Le livre raconte donc dans l'ordre chronologique comment ces hommes ont fait leur boulot en dépit du bon sens. De la première chapelle normande qui a servi de point de repaire à ceux qui ont débarqué en juin 44 au nid d'aigle nazi contenant des œuvres volées à des collectionneurs juifs. De nombreux extraits de lettres viennent donner une idée de leur moral et de la difficulté de cette mission. L'auteur a ajouté quelques dialogues éparses pour donner un peu de peps à certains passages, mais c'est somme toute un livre informatif. C'est tout sauf un scénario de film avec Matt Damon et Bill Fucking Muray. C'est au contraire le constat quotidien d'une poignée de conservateurs de musée confrontés à la barbarie. Comme quand les Alliés bombardent et détruisent l'abbaye de Monte Cassino, lieu de création de l'ordre des bénédictins, que même les nazis refusaient d'occuper. Pour être franc, les différents Monuments Men se confondent tous dans ma tête, le livre peine à les différencier en dehors de quelques traits de caractère. Ils ne forment pas un groupe uni, ils sont éparpillés sur les différents fronts, sans réel coordination. Quand l'un d'eux meurt, ils l'apprennent des mois plus tard.

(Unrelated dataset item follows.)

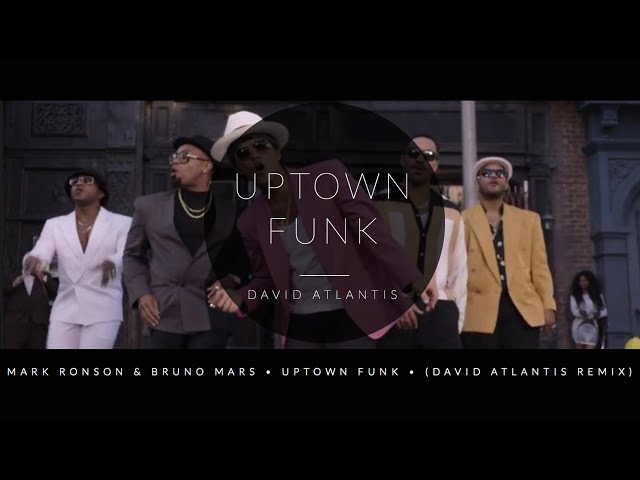 Mark Ronson ft. Bruno Mars - Uptown Funk (David Atlantis Remix)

Il y a un aspect éminemment lovecraftien chez ces personnages, confrontés qu'ils sont à une horreur qui les dépassent. Des œuvres centenaires explosent ou s'enflamment, et eux établissent des catalogues. Je suis un rôliste, alors je ne peux qu'imaginer un pendant chtulhien à cette histoire. Qu'au lieu de courir après la tapisserie de Bayeux ou d'un triptyque flamand, ils découvrent que les nazis ont mis la main sur un truc plus indicible. Et tandis que l'artefact est rapatrié à l'est, les PJ sont obligés de remonter sa piste au gré des avancées militaires, interrogeant ici un ancien collabo qui a aider le convoi, là un résistant qui a volé l'objet... Pas du tout la traditionnelle histoire pulp où les joueurs dégomment du nazi comme dans Wolfenstein, mais une quête qui use les nerfs tandis que les personnages ne prennent une douche chaude qu'une fois tous les 36 du mois, où manger un œuf frais est une récompense. Pas faire jouer la guerre comme un jeu de rôles de tir, mais en leur faisant découvrir les ruines de l'Europe, les villages exsangues, les survivants en colère. Et pas avec un Mythe grand-guignol, ni avec l'idée qu'il est le responsable de la folie des nazis. Surtout pas.

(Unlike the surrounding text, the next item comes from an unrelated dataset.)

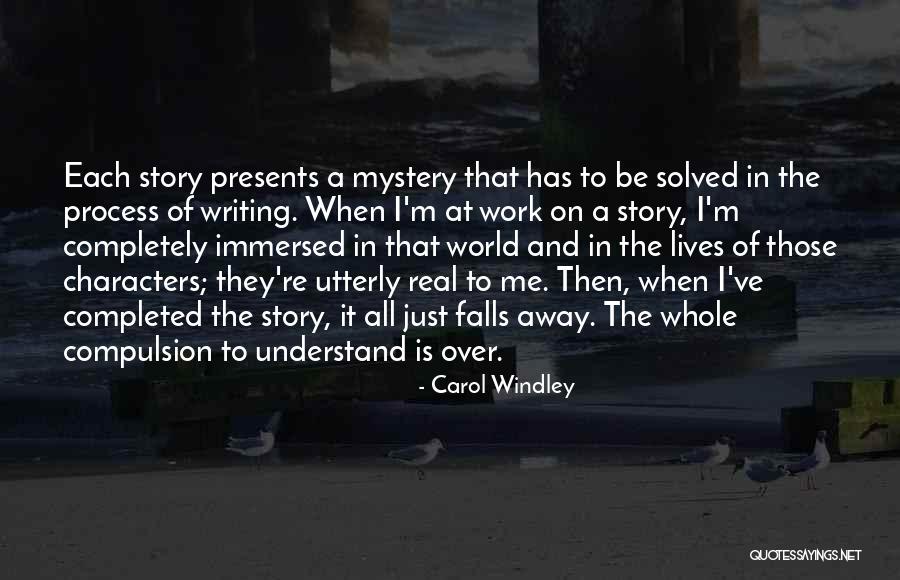 Windley 9 Quotes By Carol Windley Windley 9 Quotes By Carol Windley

Il aura fallu que Georges Clooney réalise une film historico-comique sur ces bonshommes pour que le gouvernement français se souvienne tout à coup du rôle central joué par Rose Valland, qui travaillait avec les Allemands au Jeu de Paume pour mieux informer les Alliés et la Résistance des vols effectués par les nazis. Elle que le livre décrit comme une femme moche comme une experte-comptable (et qui donc, fort logiquement, est incarnée par Cate Blanchet sous le nom de Claire Simone) donnera désormais son nom à un portail du musée du Louvre.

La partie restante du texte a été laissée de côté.